To hope is not to be a Pollyanna. Hope is to be open to the potential for redemption even in the most horrible situations.

Nelson Mandela, God rest him, understood hope. Nelson Mandela understood redemption – not just his apartheid-blighted country’s, but his own: this was a man who led a terrorist organisation in truth little different from the IRA, who served a 27 year prison sentence that could have left him even more bitter and vengeful. But instead, he chose to turn away from violence and embrace the men who had persecuted him, winning freedom for black South Africans without crushing the white minority. Who could have predicted that when he was first sentenced? But these mad, impossible things do happen. Stalin’s gulags were real, but so was the fall of the Berlin Wall. Slavery was real, but so was its abolition.

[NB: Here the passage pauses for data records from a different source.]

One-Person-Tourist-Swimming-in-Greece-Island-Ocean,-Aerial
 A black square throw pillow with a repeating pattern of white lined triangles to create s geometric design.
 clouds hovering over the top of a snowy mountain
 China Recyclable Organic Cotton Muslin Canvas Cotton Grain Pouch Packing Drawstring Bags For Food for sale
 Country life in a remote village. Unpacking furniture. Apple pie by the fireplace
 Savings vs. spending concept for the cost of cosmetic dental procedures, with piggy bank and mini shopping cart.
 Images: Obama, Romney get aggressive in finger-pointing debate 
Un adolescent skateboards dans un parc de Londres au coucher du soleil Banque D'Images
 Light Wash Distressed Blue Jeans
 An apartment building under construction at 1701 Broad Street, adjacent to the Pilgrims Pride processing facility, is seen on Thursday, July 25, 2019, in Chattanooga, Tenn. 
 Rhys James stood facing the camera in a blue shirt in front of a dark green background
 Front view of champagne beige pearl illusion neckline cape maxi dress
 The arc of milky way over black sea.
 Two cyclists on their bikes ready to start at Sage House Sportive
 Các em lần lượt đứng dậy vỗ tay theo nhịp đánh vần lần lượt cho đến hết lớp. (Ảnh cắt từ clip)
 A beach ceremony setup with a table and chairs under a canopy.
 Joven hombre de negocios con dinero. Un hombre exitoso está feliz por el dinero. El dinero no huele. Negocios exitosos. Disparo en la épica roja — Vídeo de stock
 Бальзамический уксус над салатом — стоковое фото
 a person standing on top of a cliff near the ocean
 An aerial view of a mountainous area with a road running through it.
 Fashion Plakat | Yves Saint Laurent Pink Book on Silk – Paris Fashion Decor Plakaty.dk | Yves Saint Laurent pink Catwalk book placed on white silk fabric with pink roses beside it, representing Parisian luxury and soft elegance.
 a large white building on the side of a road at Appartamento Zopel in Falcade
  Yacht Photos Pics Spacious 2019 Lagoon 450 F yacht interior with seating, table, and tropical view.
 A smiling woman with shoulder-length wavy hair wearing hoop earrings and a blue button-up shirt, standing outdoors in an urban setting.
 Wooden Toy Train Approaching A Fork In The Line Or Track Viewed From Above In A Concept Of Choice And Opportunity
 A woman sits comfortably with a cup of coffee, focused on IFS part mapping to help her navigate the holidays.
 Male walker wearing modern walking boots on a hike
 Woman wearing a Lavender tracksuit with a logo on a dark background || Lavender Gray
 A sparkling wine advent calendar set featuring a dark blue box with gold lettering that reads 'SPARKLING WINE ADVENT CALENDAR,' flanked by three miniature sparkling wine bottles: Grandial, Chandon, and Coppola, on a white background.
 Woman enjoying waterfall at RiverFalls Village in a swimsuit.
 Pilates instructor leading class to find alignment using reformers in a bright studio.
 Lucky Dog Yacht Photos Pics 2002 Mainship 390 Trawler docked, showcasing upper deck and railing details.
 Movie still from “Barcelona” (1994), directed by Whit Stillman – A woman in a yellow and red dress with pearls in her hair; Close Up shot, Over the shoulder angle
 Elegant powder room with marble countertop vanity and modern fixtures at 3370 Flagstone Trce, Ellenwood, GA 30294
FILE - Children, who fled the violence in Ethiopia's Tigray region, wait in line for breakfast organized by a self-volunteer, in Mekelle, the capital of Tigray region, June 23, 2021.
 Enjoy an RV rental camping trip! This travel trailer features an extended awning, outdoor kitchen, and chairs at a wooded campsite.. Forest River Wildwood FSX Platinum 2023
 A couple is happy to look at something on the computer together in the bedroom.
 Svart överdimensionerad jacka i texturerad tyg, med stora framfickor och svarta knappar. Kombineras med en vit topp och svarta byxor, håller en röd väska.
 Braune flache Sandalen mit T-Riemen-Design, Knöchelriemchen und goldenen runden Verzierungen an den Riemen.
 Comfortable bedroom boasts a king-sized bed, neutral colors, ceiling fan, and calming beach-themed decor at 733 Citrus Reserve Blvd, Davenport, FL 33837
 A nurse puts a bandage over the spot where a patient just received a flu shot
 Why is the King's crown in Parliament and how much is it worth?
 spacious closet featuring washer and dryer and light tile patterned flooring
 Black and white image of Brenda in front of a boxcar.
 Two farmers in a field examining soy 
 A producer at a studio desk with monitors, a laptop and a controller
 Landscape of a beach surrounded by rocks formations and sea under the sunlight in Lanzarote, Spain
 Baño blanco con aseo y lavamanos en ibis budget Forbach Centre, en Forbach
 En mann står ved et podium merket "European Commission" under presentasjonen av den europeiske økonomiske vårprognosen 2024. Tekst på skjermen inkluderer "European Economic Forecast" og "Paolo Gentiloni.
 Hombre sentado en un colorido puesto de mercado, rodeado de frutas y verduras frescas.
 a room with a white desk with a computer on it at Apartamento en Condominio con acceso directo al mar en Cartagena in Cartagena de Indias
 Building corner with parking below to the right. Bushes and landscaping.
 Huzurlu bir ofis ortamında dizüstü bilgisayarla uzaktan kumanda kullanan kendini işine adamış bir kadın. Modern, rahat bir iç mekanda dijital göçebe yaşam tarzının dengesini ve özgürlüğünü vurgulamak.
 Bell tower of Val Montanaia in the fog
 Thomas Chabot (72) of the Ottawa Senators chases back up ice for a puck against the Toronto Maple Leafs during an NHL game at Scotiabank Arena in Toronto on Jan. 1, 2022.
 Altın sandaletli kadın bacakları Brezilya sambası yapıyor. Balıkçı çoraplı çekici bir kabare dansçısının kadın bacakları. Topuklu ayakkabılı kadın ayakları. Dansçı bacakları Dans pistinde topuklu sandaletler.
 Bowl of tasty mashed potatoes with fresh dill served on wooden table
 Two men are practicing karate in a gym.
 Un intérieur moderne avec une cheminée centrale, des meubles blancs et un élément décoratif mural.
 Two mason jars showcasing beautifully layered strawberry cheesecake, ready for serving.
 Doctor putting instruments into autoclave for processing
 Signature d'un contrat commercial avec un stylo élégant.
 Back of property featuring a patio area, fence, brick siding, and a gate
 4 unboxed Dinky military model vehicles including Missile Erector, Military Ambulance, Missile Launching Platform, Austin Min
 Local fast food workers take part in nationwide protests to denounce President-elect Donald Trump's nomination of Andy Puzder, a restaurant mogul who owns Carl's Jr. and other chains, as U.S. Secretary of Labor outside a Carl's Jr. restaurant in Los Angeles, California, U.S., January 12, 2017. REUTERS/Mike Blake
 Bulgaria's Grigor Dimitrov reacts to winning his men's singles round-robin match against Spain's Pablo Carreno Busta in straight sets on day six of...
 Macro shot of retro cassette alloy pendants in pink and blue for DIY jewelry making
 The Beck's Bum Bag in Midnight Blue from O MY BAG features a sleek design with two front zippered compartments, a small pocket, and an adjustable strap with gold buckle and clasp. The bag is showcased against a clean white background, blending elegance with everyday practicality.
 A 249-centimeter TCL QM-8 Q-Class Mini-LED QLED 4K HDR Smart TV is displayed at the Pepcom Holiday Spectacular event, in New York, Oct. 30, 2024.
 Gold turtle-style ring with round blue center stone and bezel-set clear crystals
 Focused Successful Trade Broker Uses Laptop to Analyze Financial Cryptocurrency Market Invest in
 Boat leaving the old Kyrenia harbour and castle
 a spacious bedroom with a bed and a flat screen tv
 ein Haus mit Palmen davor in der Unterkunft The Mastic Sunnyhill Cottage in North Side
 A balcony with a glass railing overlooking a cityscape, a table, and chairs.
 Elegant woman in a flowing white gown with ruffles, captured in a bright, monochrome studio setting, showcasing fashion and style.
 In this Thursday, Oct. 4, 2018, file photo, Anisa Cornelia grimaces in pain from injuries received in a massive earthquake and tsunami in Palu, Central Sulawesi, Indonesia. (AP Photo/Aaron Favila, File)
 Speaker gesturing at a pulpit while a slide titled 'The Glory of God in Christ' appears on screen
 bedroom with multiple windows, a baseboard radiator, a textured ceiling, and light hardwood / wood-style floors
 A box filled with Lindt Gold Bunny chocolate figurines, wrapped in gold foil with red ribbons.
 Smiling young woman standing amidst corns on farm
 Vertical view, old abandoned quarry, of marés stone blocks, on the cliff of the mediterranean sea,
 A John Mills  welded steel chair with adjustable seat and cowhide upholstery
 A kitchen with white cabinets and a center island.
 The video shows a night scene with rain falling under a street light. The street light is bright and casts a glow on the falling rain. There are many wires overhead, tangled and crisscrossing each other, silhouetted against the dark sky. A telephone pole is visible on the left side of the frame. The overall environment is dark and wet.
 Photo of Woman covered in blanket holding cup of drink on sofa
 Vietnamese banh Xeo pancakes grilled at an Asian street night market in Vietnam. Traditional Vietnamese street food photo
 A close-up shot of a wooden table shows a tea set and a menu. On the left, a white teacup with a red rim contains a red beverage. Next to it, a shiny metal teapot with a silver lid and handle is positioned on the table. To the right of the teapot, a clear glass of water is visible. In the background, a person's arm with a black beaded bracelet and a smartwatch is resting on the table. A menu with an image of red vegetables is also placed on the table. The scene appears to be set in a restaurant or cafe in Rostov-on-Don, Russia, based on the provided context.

The other thing that happens to hope is that people end up so let down by the cheap, plastic version that they abandon the virtue entirely.

Temptations

Pope Francis gets this. In Evangelii Gaudium he writes “One of the more serious temptations which stifles boldness and zeal is a defeatism which turns us into querulous and disillusioned pessimists, ‘sourpusses’. Sometimes we are tempted to find excuses and complain, acting as if we could only be happy if a thousand conditions were met.”

At World Youth Day in Rio, he urged the pilgrims “Do not let yourselves be robbed of hope! And not only that, but I say to us all: let us not rob others of hope, let us become bearers of hope!”

That’s our job in a nutshell. We Christians have the ultimate basis for hope, the knock-down, drag-out reason that pummels every other into the dust. We have Christ. We believe that the creator of the cosmos not only became one of us but died for us, touching every point in space-time and taking onto himself the consequence of every sin ever committed… and then rising again. He has conquered death, he has conquered entropy, and he has conquered evil.

Our creed

That’s supposed to be our creed. But do we act like we really believe it? I usually don’t. Even as I write I am utterly failing to grasp the enormity of the concept. I mean, Christ has vanquished death, and I sometimes worry about biased newspapers, or the cultural influence of the X-Factor, or Enda Kenny! (Kids are better at this, by the way. They’re more inclined to view life as a fairytale filled with adventure, heartbreak, and an ultimate happy ending – which is to say, they are realists).

The more we are aware of the majesty of our own faith, the less likely we are to give in to discouragement or despair, and the more we’re able to share the joy we’ve found with the world.

So, at the beginning of our new Church year, let us stride boldly forth. Let us be Advent children. Let us be soldiers of hope.